Descobri que sou disléxica por conta do meu filho, faz uns seis anos. Não sabia até então, mas agora sei que se trata de uma desordem neurológica de origem genética e com alto índice de hereditariedade. Isso me conduziu a um processo de reflexão muito intenso, levando-me a um reencontro com algumas das dificuldades que tive na vida. Quantos livros já li e fui cobrada por ter chegado ao final sem entender absolutamente nada do que tinha lido. Logicamente, há outros caminhos para o meu aprendizado. Há vários caminhos para todos. Até então, sabia que tinha um desafio, embora não soubesse o que era. Mas permiti me desafiar, pois nunca fui de desistir das coisas. Não era a aluna mais brilhante da turma, mas muito dedicada em busca das melhores notas, mesmo diante das minhas limitações desconhecidas na época.

O que me toca muito forte nessa história é a busca por alternativas. Descobri a velocidade do meu pensamento, a capacidade da memória fotográfica. Um colega da área técnica me disse um dia: “Lu, a dificuldade de te acompanhar e entender o que você quer é porque você está pensando dez vezes lá na frente, e sorte de quem tem a capacidade de acompanha-la, pois assim ganhamos criatividade e melhoria de processos”. Por isso digo que temos de olhar e acolher a diversidade real, pois é isso que compõe o brilhantismo do mercado. Se fôssemos todos iguais, pensaríamos todos iguaizinhos, dentro do mesmo mecanismo. Gosto de compor os times com diversidade de modelos mentais, e trazendo  pessoas mais lineares para que estas possam me ajudar a desenhar as caixinhas para todo meu frenesi mental.
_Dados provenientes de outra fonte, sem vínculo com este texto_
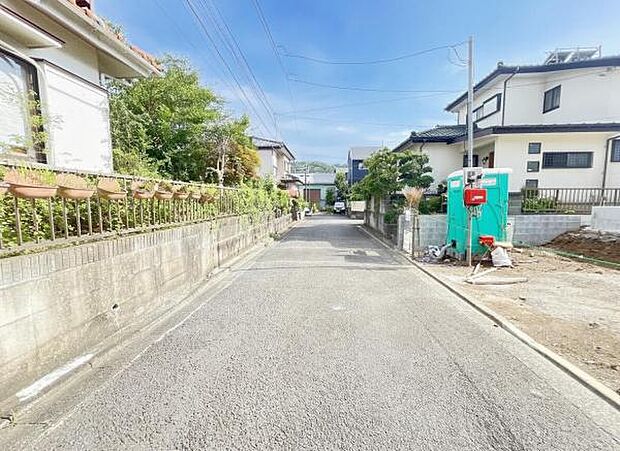 前面道路を含めた現地写真です。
Gosto muito da questão da diversidade e do respeito aos modelos mentais diferentes. Se não nos transformarmos como seres humanos, se não tratarmos as demais pessoas e o planeta de uma forma mais respeitosa, estaremos fadados ao fracasso em pouco tempo. Quero acreditar que somos capazes de mudar para melhor. Ainda temos alguns desafios pela frente, mas acredito que estamos em um processo de evolução de gerações. Chegaremos lá! Acredite em você e todos os dias, dê um pequeno passo neste movimento.